İşgal altındaki Fransa’da Naziler ve işbirlikçi Fransızlar, işgale karşı direnenleri ‘terörist’ olarak niteliyorlardı. Bir de bir afiş asmışlardı duvarlara. Faşist işgale karşı özgür Fransa uğruna canlarını verenlerin etnik kökenleri yer alıyordu bu afişte: ERMENİ… YAHUDİ… POLONYALI… İSPANYOL! İkinci sınıf yurttaşların, Fransa’yı kurtarmak ne haddine idi, Fransızların önemli bir bölümü havlu atıp teslim olmuş, hatta işbirliğine girmişken. Bunun nasıl bir kompleks yarattığını anlamak mümkün.

İşbirlikçi Vichy rejiminin polisi Yahudileri Nazi kamplarına yollanmak üzere teslim etmekte beis görmemişti. Mitterand bile, göçmen işçi olarak gençliğinde Almanya’ya gitmemiş miydi? Gerisini siz hesap edin.

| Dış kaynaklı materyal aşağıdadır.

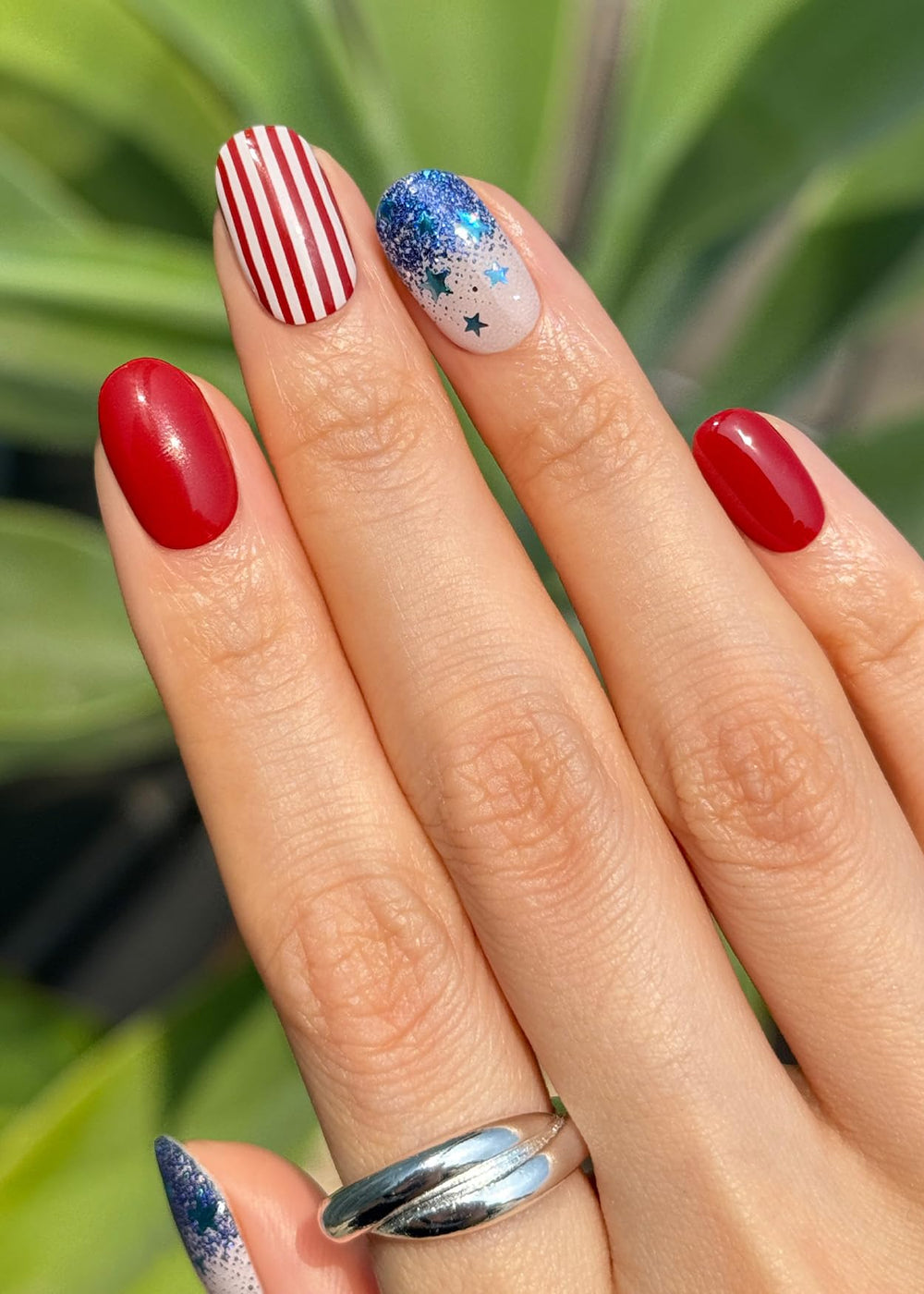ohora N Spangled Burst nail wraps close-up showing flexible, ready-to-apply strips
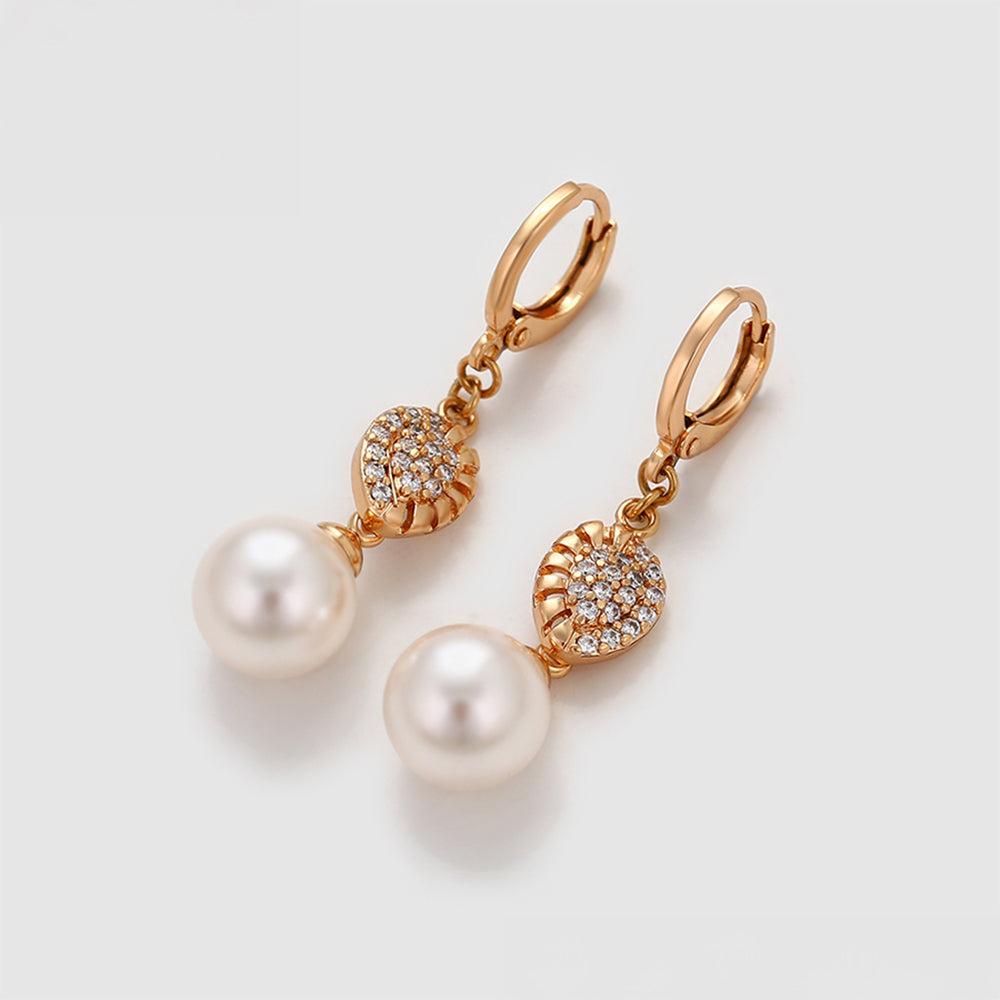 Pendientes de Aleación Bañado en Oro con Perla de cristal y Cristal Emporia® Blanco 6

Ama çeşitli zulüm ve kıyımlardan kurtulmuş halkların bu sağ kalmış çocukları faşizmin ne demek olduğunu çok iyi biliyorlardı. Ve harekete ilk onlar geçtiler, komünist Fransızlarla birlikte.

Fransız komünistleri de çok gayretli idi. Onlar da, partinin Sovyet-Nazi paktı sırasında izledikleri utanç verici politikanın izlerini silmek istiyorlardı.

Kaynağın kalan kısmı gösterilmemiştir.